I haven't been for a long time. I won't go into details since someone reading this might be squeamish, but long story short, I have a genetic condition that's caused me pain for years, and last year, it became too much.
I contacted doctors in order to start a series of surgeries that would hopefully take that pain away, if not, just alleviate it.
The list for surgery was chockablock though. It would be sometime next year that I would be called for the first surgery.
Naturally, I was devastated, but they told me that I would be put on an emergency contact list. If someone else cancelled their booked surgery, I'd be contacted and booked instead.
So all I could do at this point was wait, and it was horrific. I was on constant alert, knowing the call could come anytime, but probably wouldn't for the five or six months-
So I considered using magick to speed it along.
I could do it. I knew how to, and I was in so much pain that I wanted to do it, but here is the problem.
When you cast, you have to think of all of the potential affects of your spell, not just your favoured outcome.
If I had gone along with the spell, I'd have pushed the appointment forward, but it also meant that someone who's surgery is already booked would need to have their appointment cancelled, and as they were on the list for the same thing as me, the only reason they'd cancel is if they or a relative became massively unwell, to the point that they couldn't attend.
If I hadn't thought about it, I could have accidentally cursed someone to illness, and held their necessary surgery back in favour of my own.
I couldn't do it. I don't curse. That's not me. I couldn't take another person's appointment by force, and I was upset of course. This could have been the way to make my pain stop, faster.
Most think that magick is the answer to all problems, and if I hadn't thought about it, it might have been the answer to mine, but as witches, as people who alter reality, we have a duty to consider all the potential effects of a spell, and whether we feel okay with accepting the burden of those effects.
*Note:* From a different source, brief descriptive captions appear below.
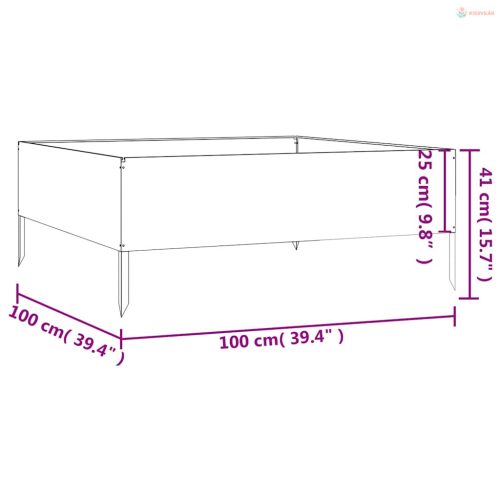 Corten acél kerti magaságyás 100 x 100 x 41 cm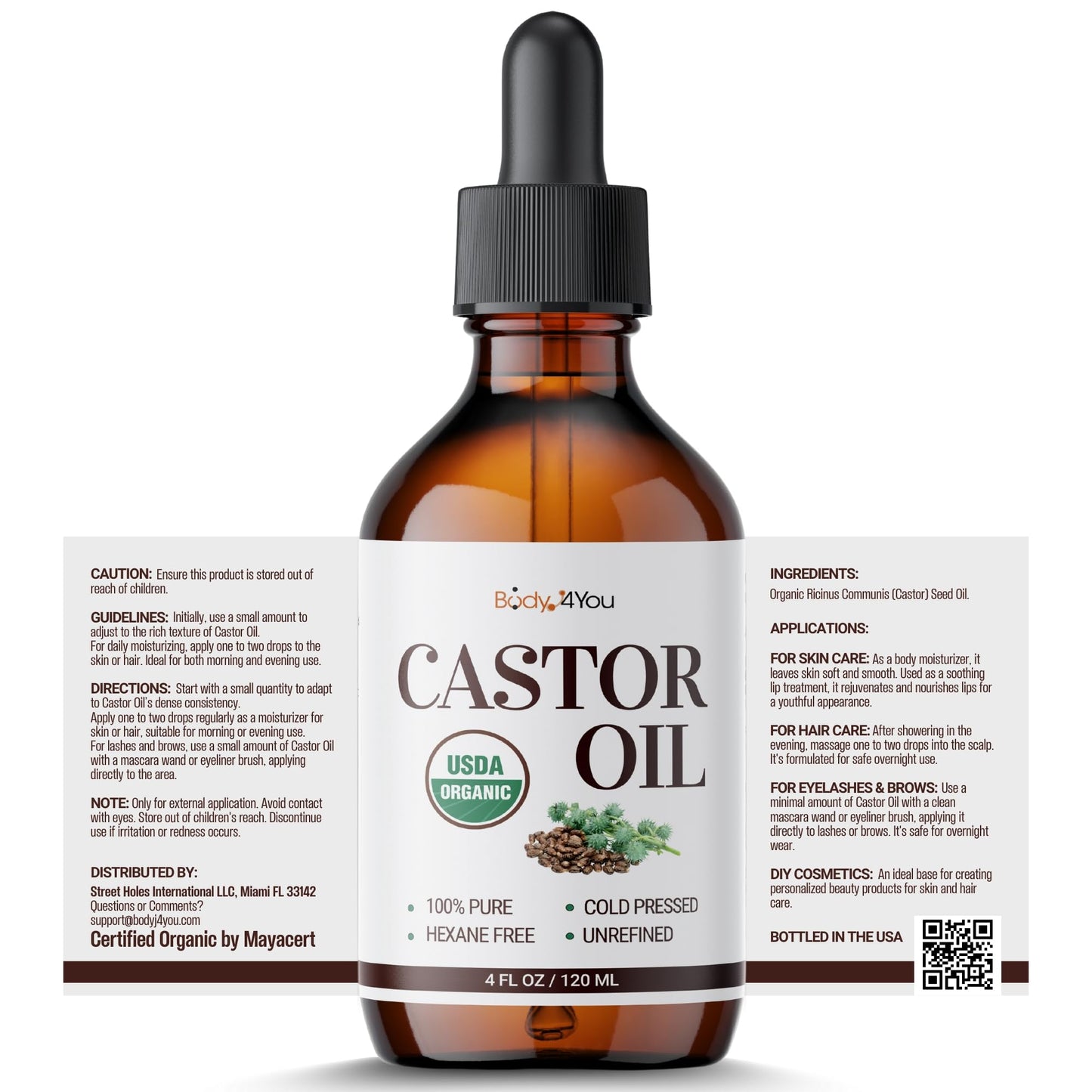 Organic Castor Oil (4oz) - 100% Pure Natural Cold-Pressed Hexane-Free USDA Certified - Glass Bottle - Hair Growth Oil for Scalp Eyelashes Face Skin - Dry Skin Moisturizer Natural Hair Care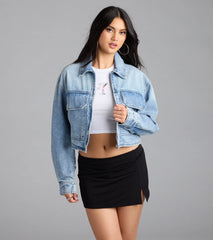 Cool Girl Zip Up Crop Denim Jacket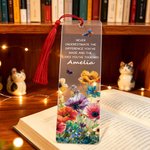 Personalized New Chapter Butterfly Flower Acrylic Bookmark with Name and Tassel Reading Supplies Retirement Birthday Gift for Retiree Bookworm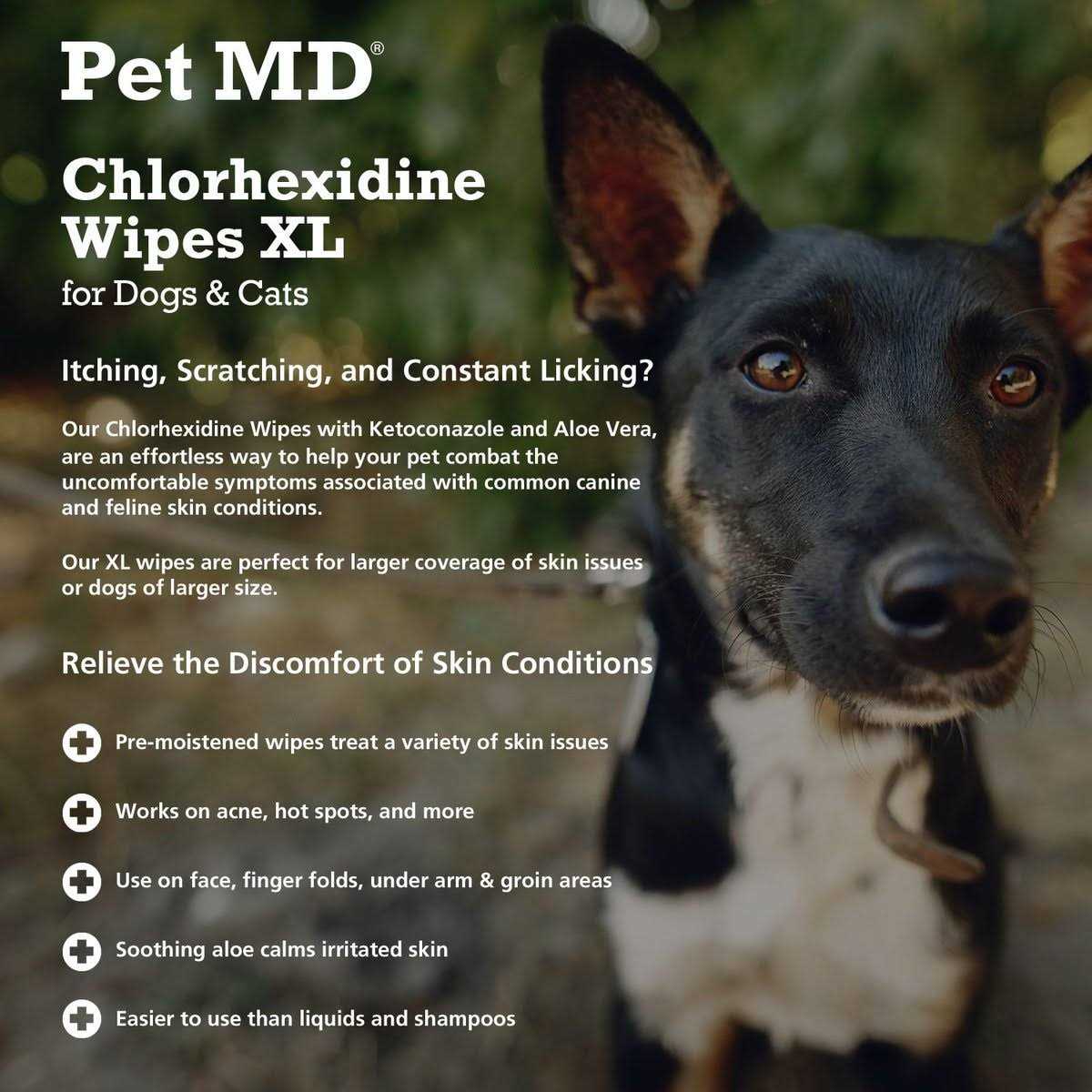 Pet MD Chlorhexidine Antiseptic Dog & Cat Wipes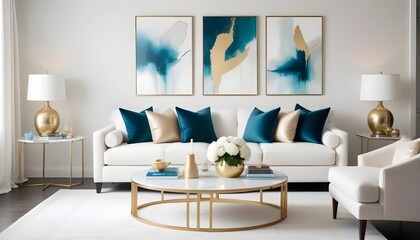 white and gold theme modern interior design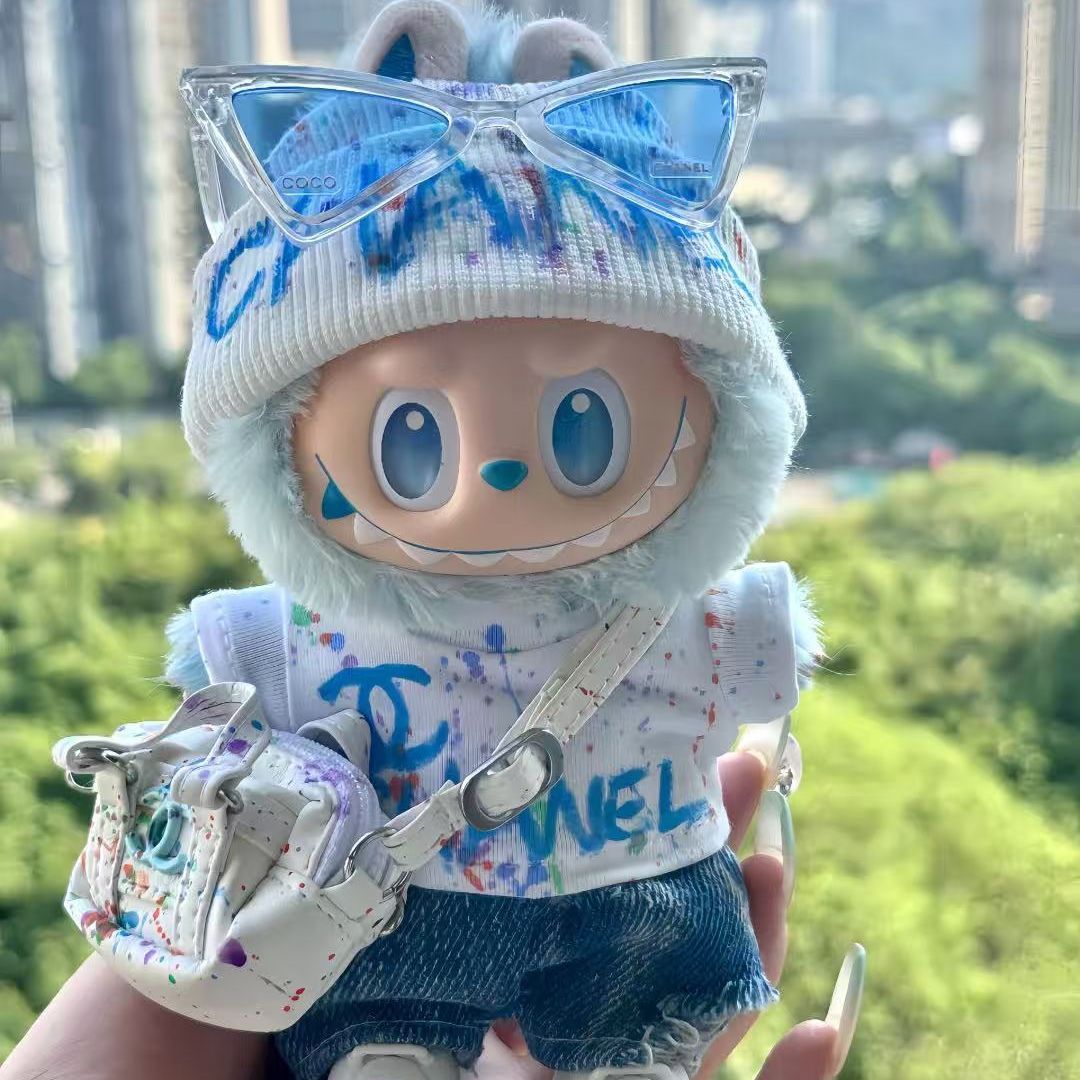四野涧 Labubu 拉布布娃衣 一二三代通穿 涂鸦风套装坐坐派对衣服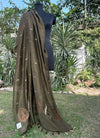 Firdaus Olive Green Matka Georgette Dupatta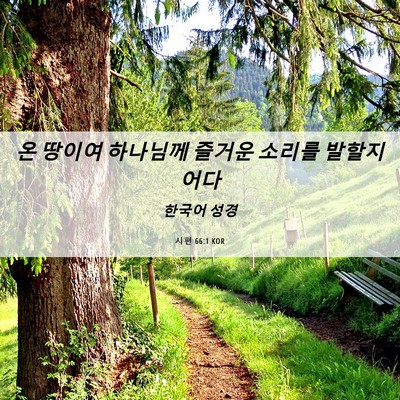 Picture 06 - 시편 66:1 KOR - 온 땅이여 하나님께 즐거운 소리를 - Bible Verse Picture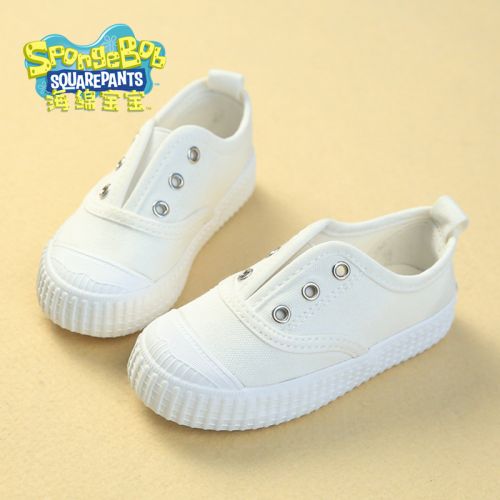 Baskets enfants en toile SPONGEBOB SQUAREPANTS pour printemps - semelle caoutchouc Ref 1016053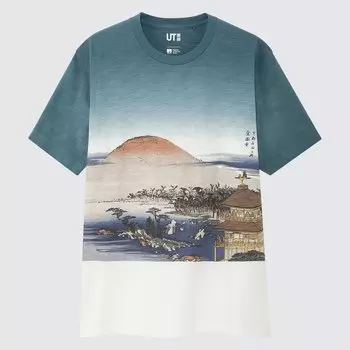 Футболка Uniqlo Ukiyo-e UT Archive с графикой, синий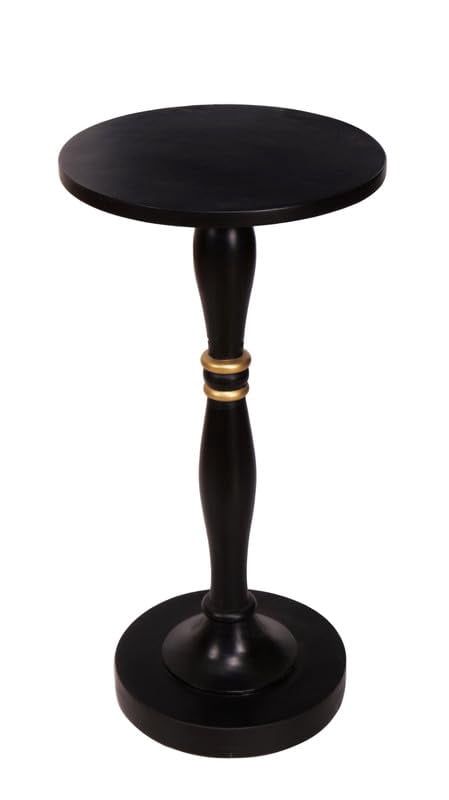 Curio Creations Solid Black Color Drink Table for Living Room Corner ...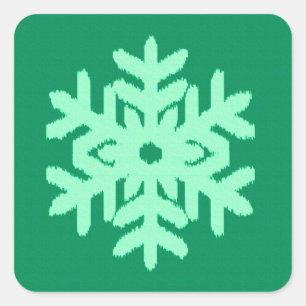 Sticker Carré Flocon de neige Ikat - Vert pin et menthe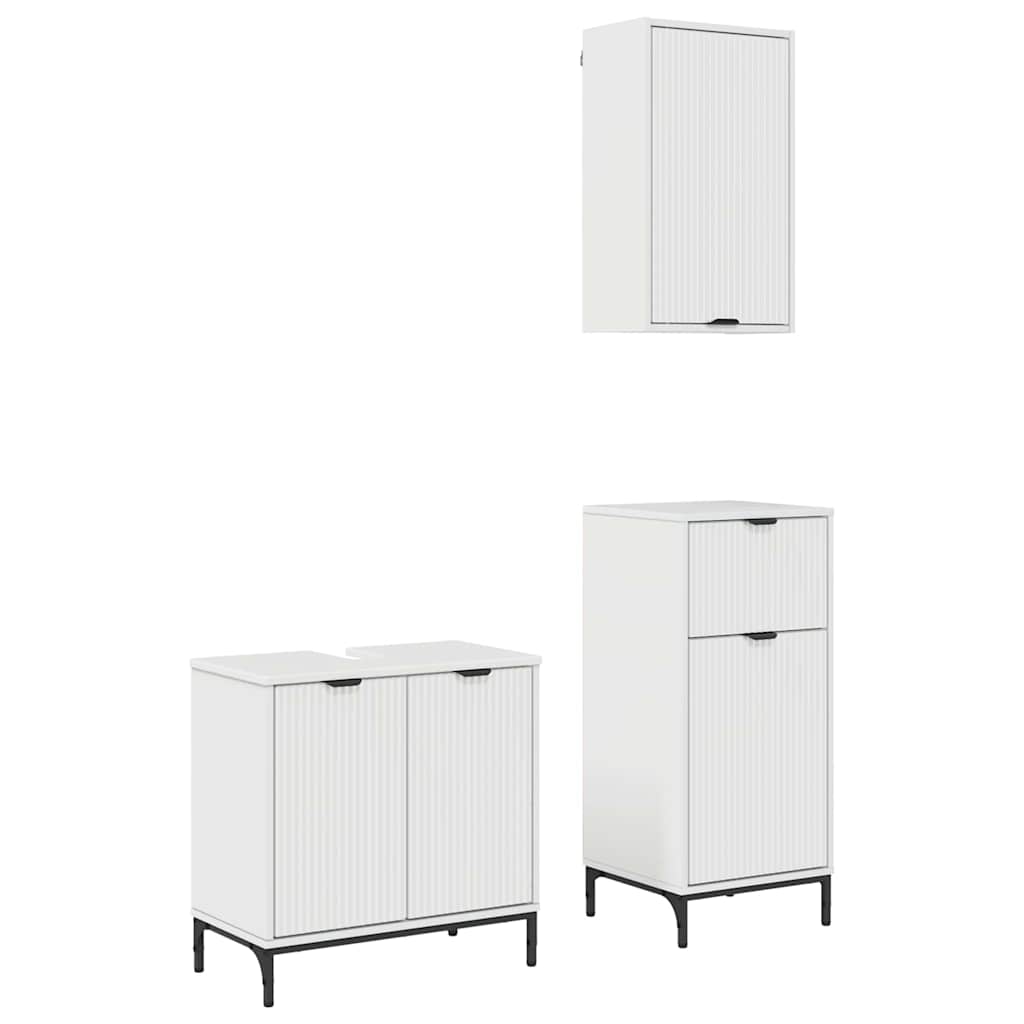 vidaXL Bathroom Furniture Set 3 pcs High Gloss White 2
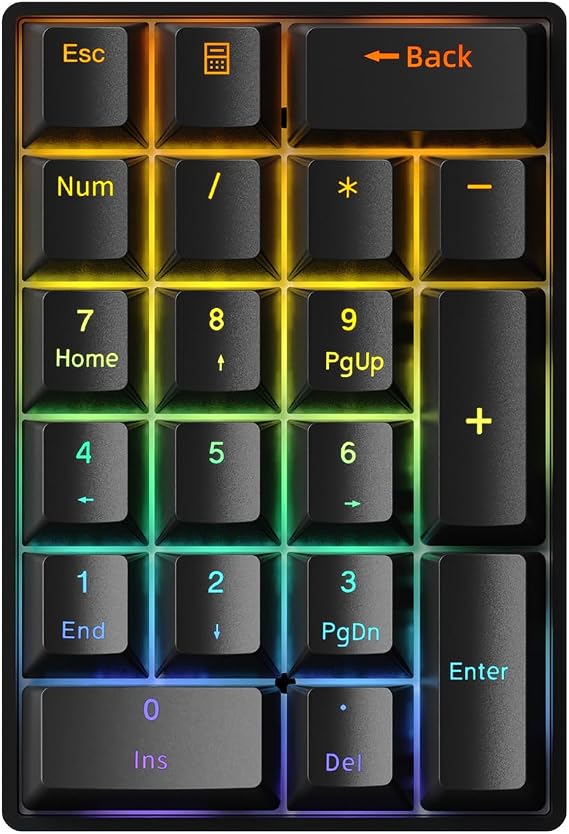 Wired Mechanical Numpad Rainbow LED Backlit 20-Key Number Pad Brown Switches Shine Through Keycaps Detachable Cable Numeric Keyboard for PC/Laptop/Win/Mac, Black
I was not okay with it, so I didn't cast, and I'll probably never forget it.
Now, most stories from real life don't have happy endings. That's just the way it is, however... I'm currently writing this from my recovery bed, post surgery.
I wanted the surgery so badly to make myself feel better, but I wasn't willing to hurt or make another ill to do it, so, I guess, I unconsciously manifested the appointment. I got the call 3 weeks later, and now I'm in recovery.
Only time will tell if I need another to fix the problem, but we're there. It's started.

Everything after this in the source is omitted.